Web Crawler — Getting Medium Post

Micromike
4 min readAug 12, 2020

--

Web Crawler, what’s that

Ever wondering how to get a Medium posts of a users, but don’t quite sure how to do it.

This post will walk through the journey of how I get Medium post from their GraphQL API.

Why I Started to Investigate the Issue

One day, my girlfriend want to render her Medium post list to Wordpress sites.

However, the WordPress plugin that she currently used does not work as she expected. The plugin not only shows the post of a user, but also the comment activity.

The goal is simple, try to find a way to get the Medium post via username.

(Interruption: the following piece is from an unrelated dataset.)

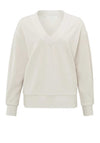 Yaya Long Sleeve V Neck Sweatshirt, Cream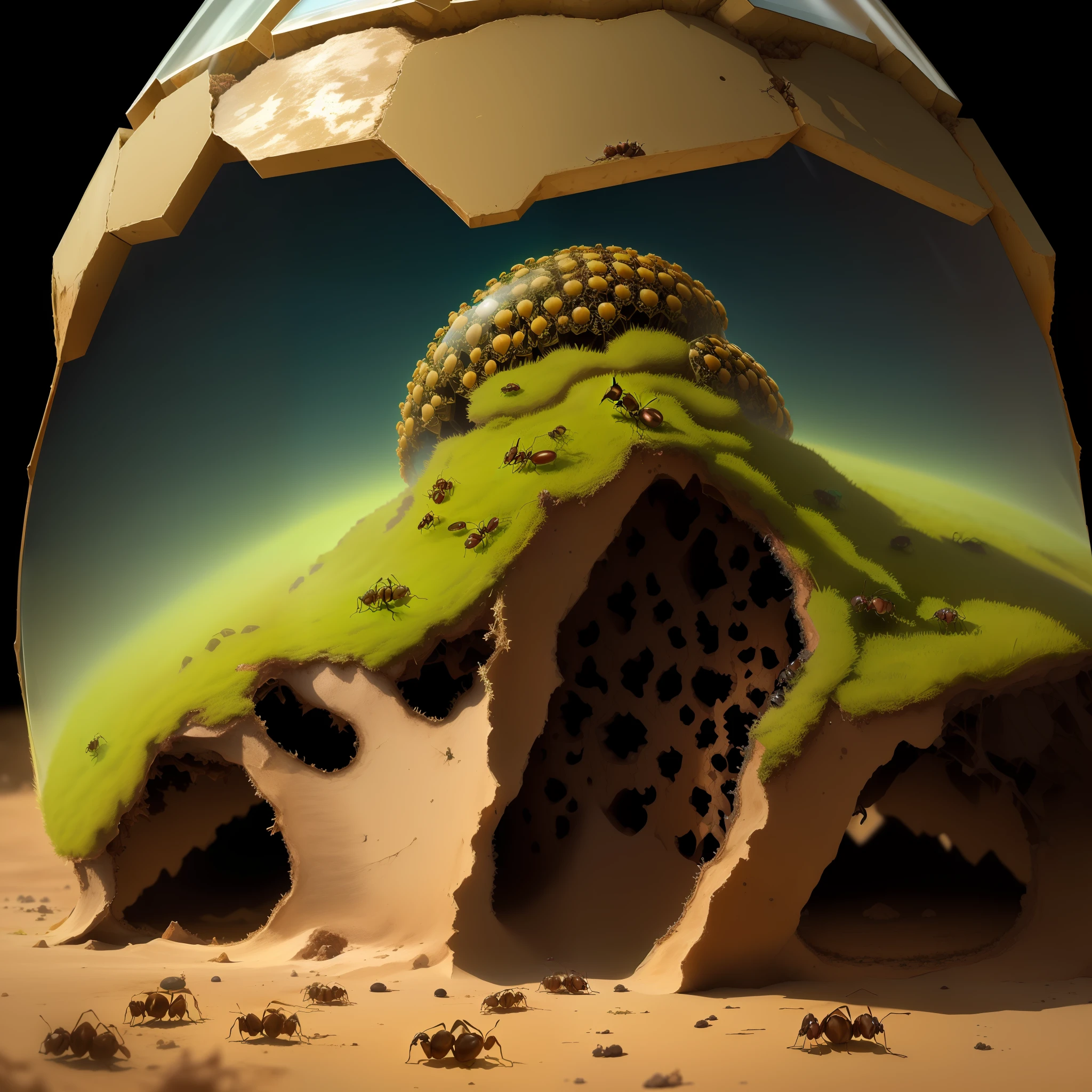 Ant habitat in world with poisonous air surrounded by a transparent barrier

Okay, challenge accepted and let the hacking begins.

TL;DR

Here is the TL;DR version.

If you want to get posts from Medium, the following javascript get_medium_post function will do the magic for you.

Official Medium API

The whole investigation begin with the Official Medium Developer sites.

Nowadays, most web services will provide certain API to let the developer further integrate their services.

Medium also provided some API, but the bad news is, they do not provide any API that is related to list posts.

Since we cannot find any useful information from the official documentation, I started wonder how the WordPress plugin get the Medium posts.

RSS Feed

The WordPress plugin that we used is Display Medium Posts plugin.

After tracing a bit of the code.

The following snippet is how the magic happened.

Basically, api.rss2json.com is a web service that will turn the RSS format into an JSON format.

Yes, you heard the keyword, RSS feed.

It turns out that eventhough Medium does not provide an API to list posts, they have provided the RSS feed so that other user can subscribe to other uses’s activity.

The RSS feed url format is medium.com/feed/$username.

Now we know how the plugin get the medium post, let’s start investigate why the plugin will show something other than user post.

Investigation

After discussing with my best pals, Google, it lead me to the following blog.

As the blog suggest, it may be expected behaivor for Medium.

Medium RSS feed will contains not only user post but also activities.

Luckily, the blog also propose a simple workaround of this issue.

The idea is very simple, check whether or not the categories field is empty.

Mitigation

Just follow the above snippet to the WordPress plugin should filter out the non-post items.

Into the GraphQL World

After playing around with the RSS feed, I have discoverd another behavior.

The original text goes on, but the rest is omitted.